Double Sabaton (conclusione)

Si può arrivare a ottenere verità opposte, giudizi anche diametralmente diseguali dall’ascolto di “The Last Stand” dei Sabaton, perchè in fondo è per certi diverso e profondamente uguale a quanto fatto dalla band svedese nella loro discografia. Ci sono sempre i tastieroni alla  Europe che imperversano nei brani, sostenuti da ritmi guerrafondai, ma meno veloci e martellanti del solito. Ancora i coroni, marchio del gruppo, sono ruffiani, forse troppo e non sempre potenti quanto dovrebbero. Alcune cose sono cambiate poi. I Sabaton salgono più lentamente inseguendo una melodia che non sempre deflagra come dovrebbe nel corone. Ci sono brani “come ai vecchi tempi”: forse la settima traccia intitolata ‘Last Stand’, forse sono io stanco delle dinamiche alla Sabaton, per cui la struttura della canzone è un ibrido tra gli Europe e un cartone animato giapponese. Qui rischiano di diventare sempre più plasticosi se non alimentati dal carburante giusto, mancando così quell’ epicità che anima i loro precedenti lavori. Soprattutto quando tentano la carta esotica dei Samurai o antica degli Spartani. Qualcosa non va. A volte sono le parole che sono sbagliate, altre la melodia che non esplode. Eppure i Sabaton sono divertenti comunque. Lo sono, ma dovrebbero esserlo? Ad ascoltare la loro discografia ci trovi brani di un’energia pazzesca, evocativi tanto da volerli urlare sotto una pioggia scrosciante mentre i battaglioni nemici ti bombardano. Perchè questa è ‘The Art of WAAAAR!’. Appunto si sente la mancanza di tutta questa epicità, carburante alcolico per il panzer svedese, che viene parzialmente sopperita da una varietà di melodie abbastanza riuscite, a volte troppo persino troppo riuscite. Eppure qui è forte il disaccordo anche con me stesso perchè ‘Blood of Bannockburn’, ‘Sparta’ oppure ‘Shiroyama’ sono brani piacevoli e divertenti, forse troppo, ma non cestinabili di certo come ciofeche. Anzi.

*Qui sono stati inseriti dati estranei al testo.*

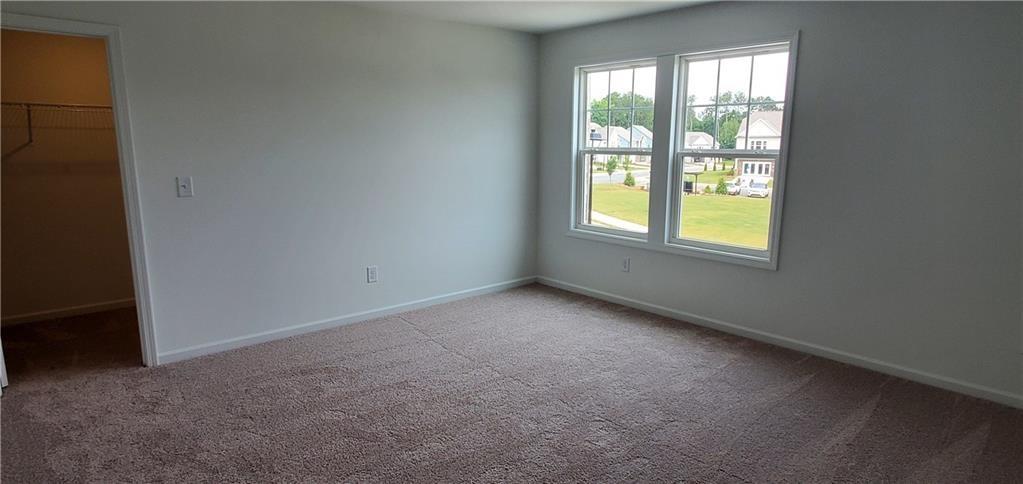 334 Silverleaf Trail Bethlehem, GA 30620 - Photo 11 of 30 an empty room with a window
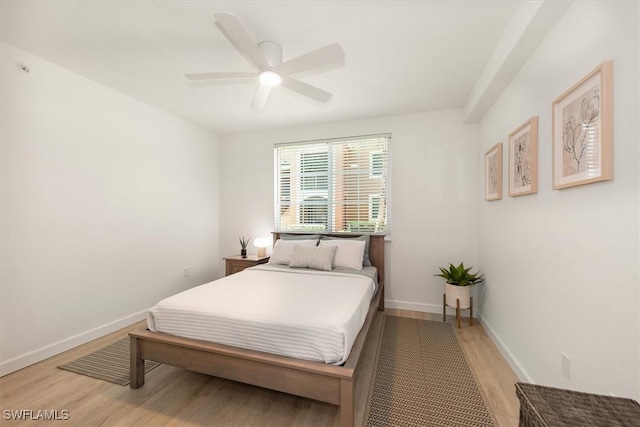 1170 Reserve Way Unit 107, Naples, FL 34105 - bedroom featuring light wood finished floors and ceiling fan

I Sabaton, a mio modo di vedere, hanno visto tempi migliori, ma non è detto che sia un problema quando in fondo puoi fregiarti di albumoni quali “Carolus Rex”, “Art of War” oppure anche l’ultimo “Heroes” e come conseguenza dal vivo la tua armata invade un giorno si e uno no i palchi di mezzo mondo.

“The Last Stand” è un buon album, ma anche un bel pò di meno, a seconda della verità che vogliamo ascoltare. Varietà giocosa contro narrazione epica sanguinosa. Un dilemma insoluto, ma in fondo è anche bello così.